COMS W4115
Programming Languages and Translators
Homework Assignment #2
Submit solutions electronically on
     by 2:40pm, March 6, 2013



  1. Interactive desk calculator for boolean nor-expressions.
    1. Construct a grammar that generates boolean nor-expressions containing the logical constants true and false, the left-associative binary boolean operator nor [where p nor q means not (p or q)], and parentheses.
    2. Show the parse tree according to your grammar for the nor-expression
    3.    true nor true nor (false nor false)
    4. Implement an interpreter that takes as input newline-terminated lines of boolean nor-expressions and produces as output the truth value of each expression. You can use lex and yacc or their equivalents to implement your interpreter. Show the source code for your interpreter and the sequences of commands you used to test it.
    5. Run your interpreter on the following two inputs and show the outputs:
    6.    (a) (true nor false) nor (true nor false)
         (b) true nor true nor (false nor false)

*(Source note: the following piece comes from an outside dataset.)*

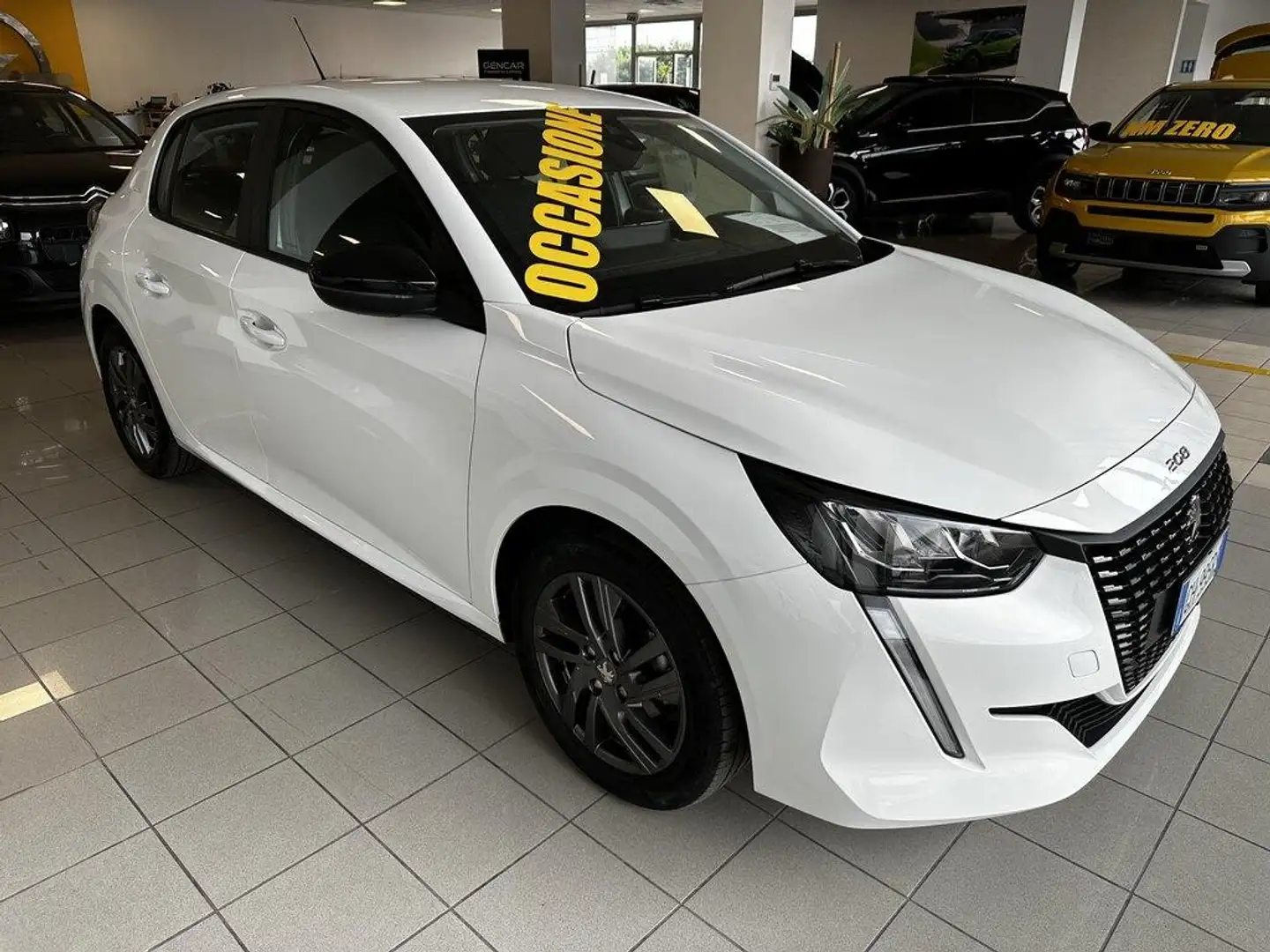 Peugeot 208 1.2 puretech Active Pack s&s 75cv Bianco - 2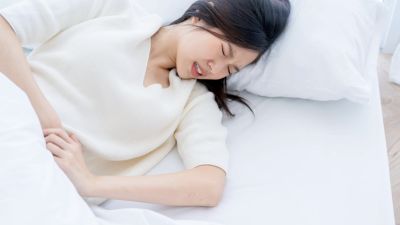 Mengatasi Dismenore: Pilihan Obat dan Terapi Alternatif yang Aman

  2. Infix to stack machine code translator
    1. Consider the Yacc specification in Fig. 4.59 of ALSU (p. 292). Modify this translator to produce stack machine code for each input line. For example, for the input "1*(2+3)" your translator should produce the instructions
    2. push 1
      push 2
      push 3
    3. Implement your translator in Yacc (or its equivalent) and show the stack machine code generated for each of the following inputs:
    4.     (i) 1+2*3
         (ii) 1+(2-3)
        (iii) 1+2-+3
        (iv) 1+2--3

  3. Let L be the language generated by the following grammar:
    S → a S b S | b S a S | ε
    1. What language does this grammar generate?
    2. Show that this grammar is ambiguous.
    3. Construct the predictive parsing table for this grammar.
    4. Construct an LL(1) grammar for L.
    5. Construct the predictive parsing table for your grammar.

  5. Let L be the language of pure lambda calculus expressions generated by the following grammar:
    E → ^ v . E  | E E | ( E ) | v
    The symbols ^, ., (, ) and v are tokens. ^ represents lambda and v represents a variable.
    An expression of the form ^v.E is a function definition where v is the formal parameter of the function and E is its body.
    If f and g are lambda expressions, then the lambda expression fg represents the application of the function f to the argument g.
    1. Show that this grammar is ambiguous.
    2. Construct an unambiguous grammar for L assuming that function application is left associative, e.g., fgh = (fg)h, and that function application binds tighter than ., e.g., (^x. ^y. xy) ^z.z = (^x. (^y. xy)) ^z.z.
    3. Using your grammar, construct a parse tree for the expression (^x. ^y. xy) ^z.z.
    4. Using the command yacc -v on a file containing your grammar, show the LALR(1) parsing action and goto table for your grammar.